■不死川兄弟に「幸せになってほしい」「切ない」

 今回の放送回のもう一つの見どころといえば、不死川実弥と玄弥の兄弟の確執だろう。サブタイトルの「鬼を喰ってまで」は、玄弥の「俺…鬼を喰ってまで…戦ってきたんだぜ…」のセリフから。その言葉を聞いた実弥は足を止め、玄弥の両目を潰そうとする。

 兄を慕い、どうにか和解したい玄弥と、聞く耳を持たず、弟を除隊させるためにためらいもなく再起不能にしようとする実弥。ボタンを掛け違えたようにわかり合えない2人の様子に、SNSでは「二人には幸せになってほしい」「不死川兄弟のそれぞれの気持ちを思うと切ない」「どうか話し合ってほしい」という声があふれた。

 さて今回は、本作におけるコメディ担当ともいえる善逸の久しぶりの登場も見逃せない。原作漫画では、善逸が不死川の稽古から逃亡した後に捕まるシーンで「ギョマッ」「ギャモッギャアアアンヌ」という人間の声とは思えないセリフが書かれていたが、善逸の声を演じる声優の下野紘さんはこれ以上ないほどに見事にセリフを完全再現。善逸ファンも大満足の、満を持しての登場となったようだ。

 モブ隊士たちとの炭治郎との交流や、先述の善逸の活躍もあって全体的にコメディタッチの内容だったが、伊黒との稽古シーンのヌルヌルと動く激しいアクションや、不死川兄弟のシリアスシーンなど、シーンにおける差の激しい回だったといえるだろう。

 また振り返ってみると、今回は3人の柱の稽古について駆け抜けるような展開だったからこそ、一話で不死川と伊黒が共闘するというアニオリが新しく描かれたのかもしれない。

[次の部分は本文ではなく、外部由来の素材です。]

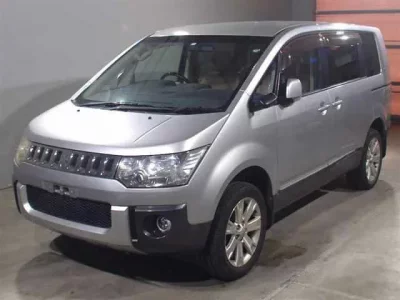 Mitsubishi DELICA D5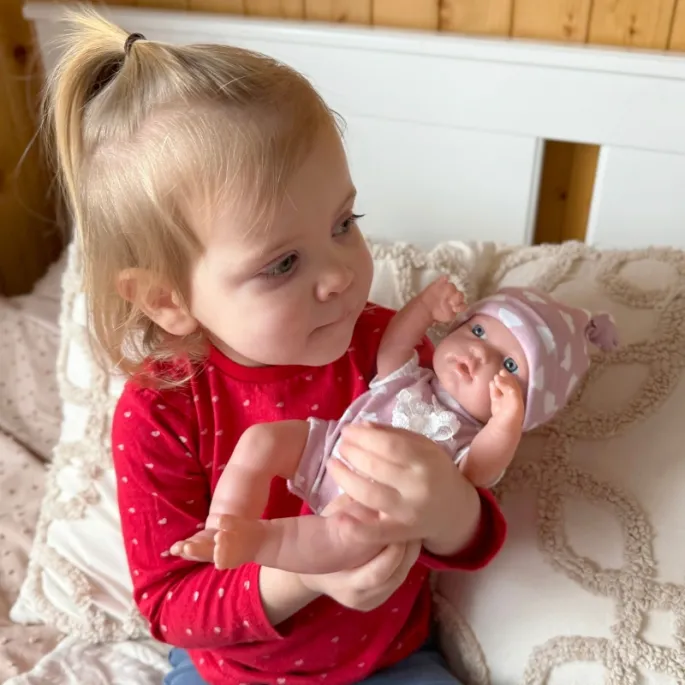 Realistyczna laleczka do zabawy.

 次回、第六話「鬼殺隊最強」では、ついに鬼殺隊最強といわれる岩柱の悲鳴嶼行冥の稽古が始まる。こちらは2019年のアニメ1期からこれまで、ほぼ登場シーンのなかった悲鳴嶼が炭治郎らの稽古をつける。彼のパーソナルな部分を描くのに、アニオリでたっぷり時間をとってくれそうだ。